Enter Dan Reynolds, the frontman of Grammy-winning rock band Imagine Dragons, and arguably the most famous living Mormon on the planet. This Saturday will mark the premiere of his new documentary, Believer, at Sundance Film Festival.
Believer, directed by Don Argott, follows Reynolds on a journey to explore how the Mormon church treats its LGBTQ members, specifically those in their youth, and how harmful the church's teachings are toward those trying to reconcile their faith with their sexuality. The film looks at Reynolds' past year, in which he organized the LoveLoud Music Festival in Orem, Utah in support of the LGBTQ community.
"I'm Mormon, and I'm putting my arms out around all my Mormon brothers and sisters and saying, 'Hey, guys, we can do better. We have to do better,'" Reynolds told us in our exclusive interview.
The film, which will come to HBO this summer, also features footage of ex-Mormon and gay Neon Trees frontman Tyler Glenn, and includes two new songs from Reynolds and a score from Hans Zimmer.

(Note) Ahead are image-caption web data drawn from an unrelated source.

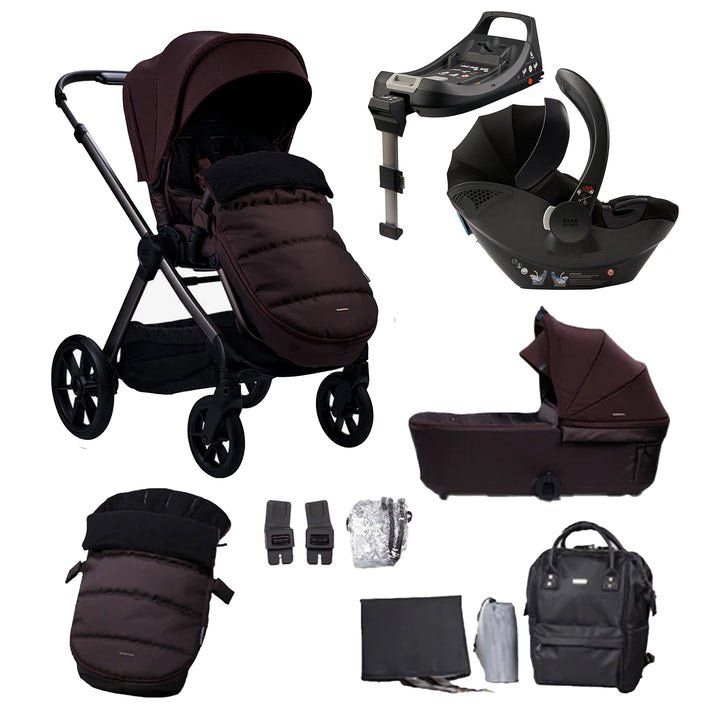 Bababing Raffi MKII 3-in-1 Travel Bundle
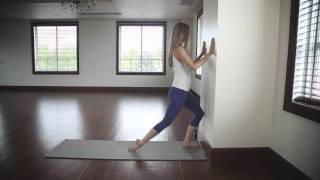 Toe Extensor Foot Stretch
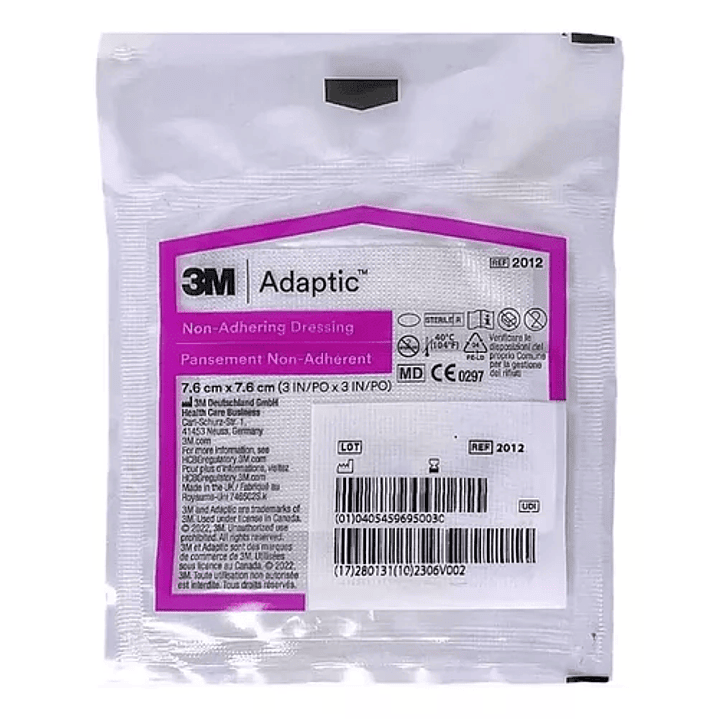 Apósito No Adherente Adaptic — Medidas 5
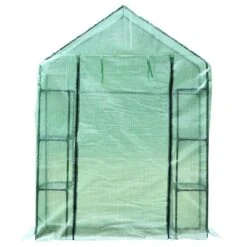 Serre Verte Outsunny De 4,7 Pi L. X 2,4 Pi L. X 6,4 Pi H. Avec Tablettes -Outsunny 330928793 AlternateImage3 l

Read our interview with Reynolds about his experience in the Mormon church, why he needed to make this documentary, and how the Mormon teachings impact LGBTQ youth, below.
OUT: Without spoiling anything, what's your story with growing up Mormon?
Reynolds: Family is at the forefront of Mormonism--I have a really large family, 8 boys, one girl. Very conservative upbringing. I was probably the most rebellious child growing up. In high school I had to hide my relationship with my Catholic girlfriend, because my parents didn't want me to have a serious girlfriend and wanted me to date Mormons. But I hid that from them for four years, and applied to BYU, and got accepted, and right before I was supposed to go, I had to sit down and speak with the bishop, and I told him I had had sex with my girlfriend.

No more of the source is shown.